* **HOW TO COMPLETE THIS TASK**: Retype each line of the material below word for word; pictures stay out.

* **SOURCE DATA**:
═══

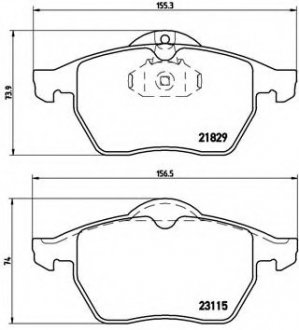 Тормозные колодки BREMBO P59 022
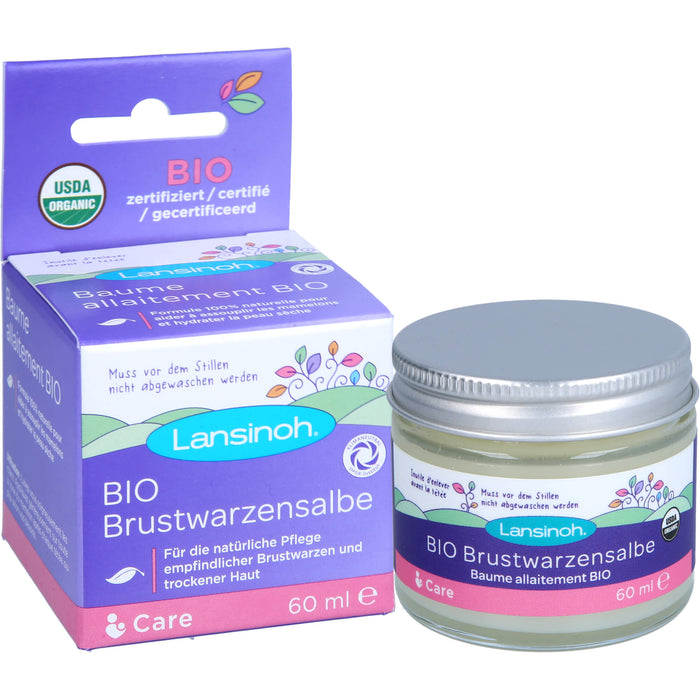 Lansinoh Bio Brustwarzensalbe, 60 ml Salbe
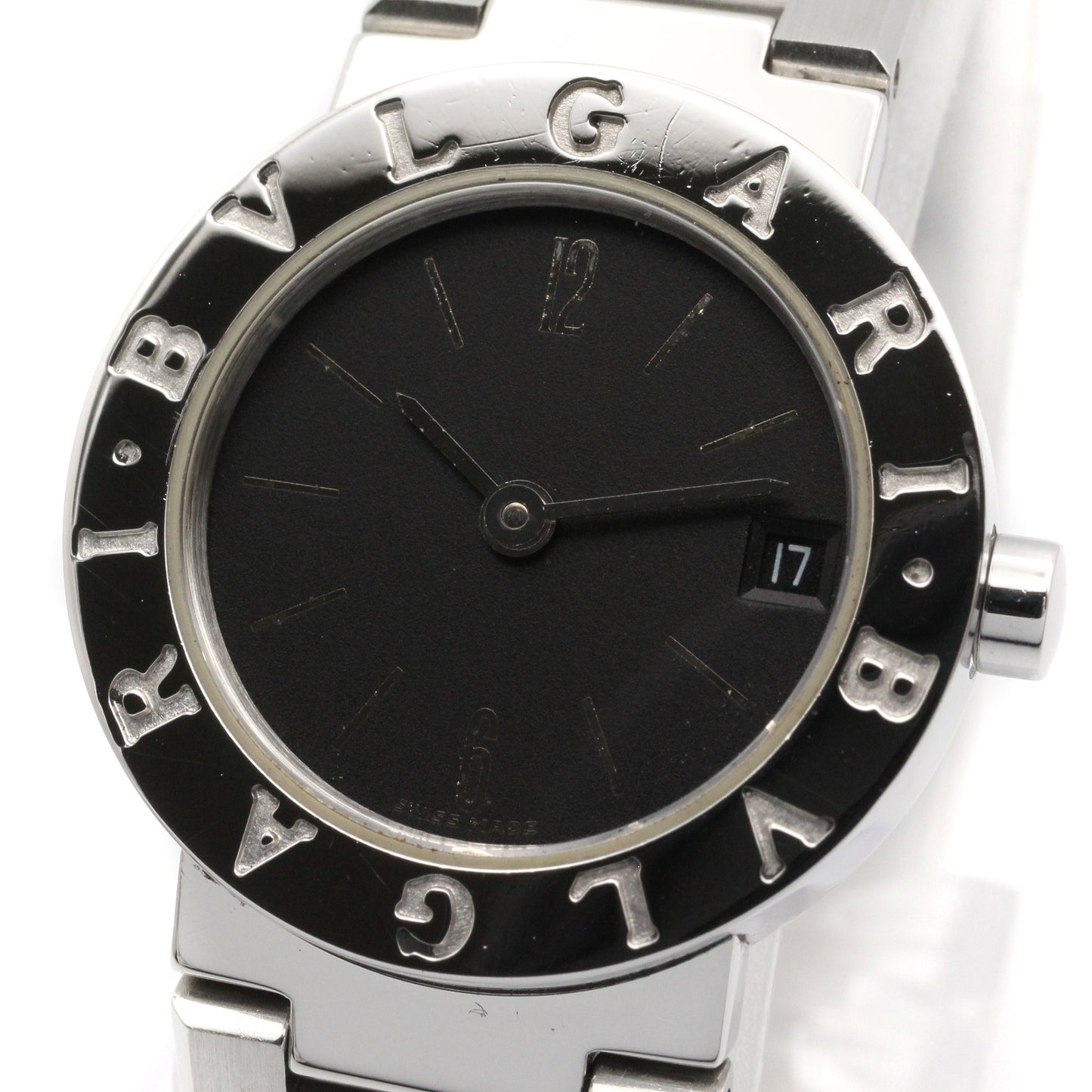 ブルガリ ブルガリ レディース 腕時計 クオーツ ステンレススチール ブラック ブルガリ 時計 BVLGARI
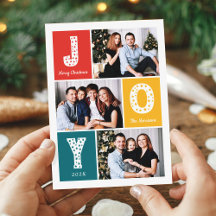 Colores festivos modernos Feliz Navidad 3 Foto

═══

* **OUTPUT BELOW**:
 Тормозные колодки BREMBO P59 022
 Lansinoh Bio Brustwarzensalbe, 60 ml Salbe
 ブルガリ ブルガリ レディース 腕時計 クオーツ ステンレススチール ブラック ブルガリ 時計 BVLGARI
 Colores festivos modernos Feliz Navidad 3 Foto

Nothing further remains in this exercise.